Economist Joel Waldfogel noted that because of the mismatch between what the giftee values the gift and the value paid for by the giver, the gifts lose between 10% and one-third of their value; he calls it the "deadweight loss of Christmas". This leads to gifts often being returned, sold, or re-gifted. In a 2016 European online survey, 15% of respondents were unhappy about their gifts and 10% could not remember what they had received. Twenty-five percent of respondents said they had re-gifted their presents to someone else, 14% sold the items, 10% tried to return them to the store, and 5% returned the gift to the giver. Seniors were more likely to send their unwanted presents to charity, while those aged 25 to 34 "simply threw them away". Gifts that are least likely to be appreciated rely on personal tastes, and include items like perfumes and cosmetics, ornaments, and clothing.

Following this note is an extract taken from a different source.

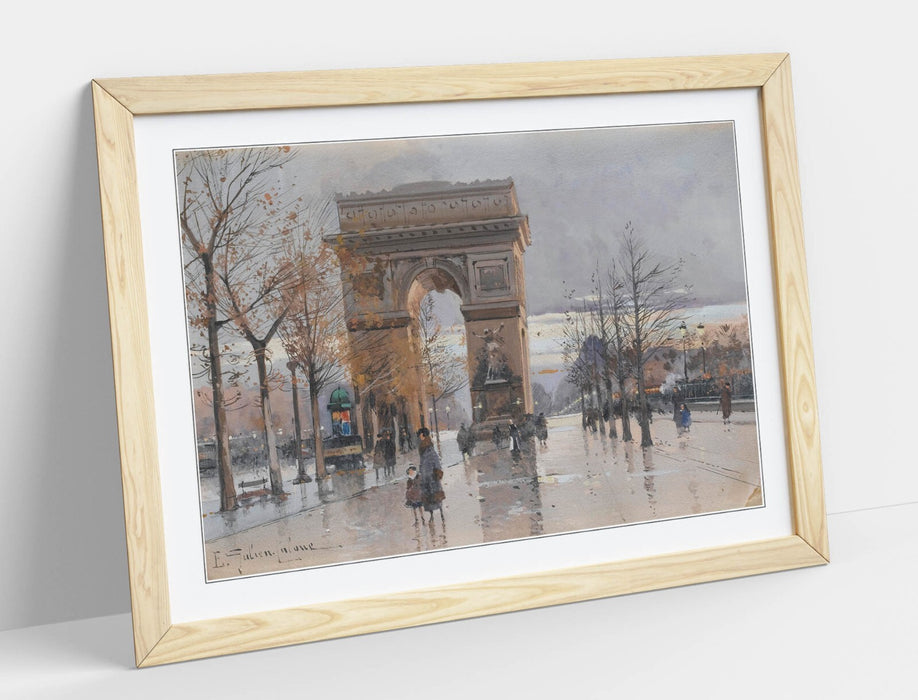 Framed Wall Art Poster - Eugene Galien-Laloue Paris Arc de Triomphe Print UK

===Buy Nothing Christmas===

Buy Nothing Christmas is an ongoing protest and reaction to the commercialization of the North American Christmas season. It started unofficially in 1968, when Ellie Clark and her family decided to publicly disregard the commercial aspects of the Christmas holiday. Contemporarily a movement was created to extend Adbusters' Buy Nothing Day into the entire Christmas season. Buy Nothing Christmas first became official in 2001 when a small group of Canadian Mennonites created a website and gave the movement a name.

===Buy Nothing Day===

Buy Nothing Day is an international day of protest against consumerism. In North America, Buy Nothing Day is held the Friday after U.S. Thanksgiving (; ); elsewhere, it is held the following day, which is the last Saturday in November. Buy Nothing Day was founded in Vancouver by artist Ted Dave and subsequently promoted by Adbusters magazine, based in Canada. The first Buy Nothing Day was organized in Canada in September 1992 "as a day for society to examine the issue of over-consumption." In 1997, it was moved to the Friday after American Thanksgiving, also called "Black Friday", which is one of the ten busiest shopping days in the United States. In 2000, advertisements by Adbusters promoting Buy Nothing Day were denied advertising time by almost all major television networks except for CNN.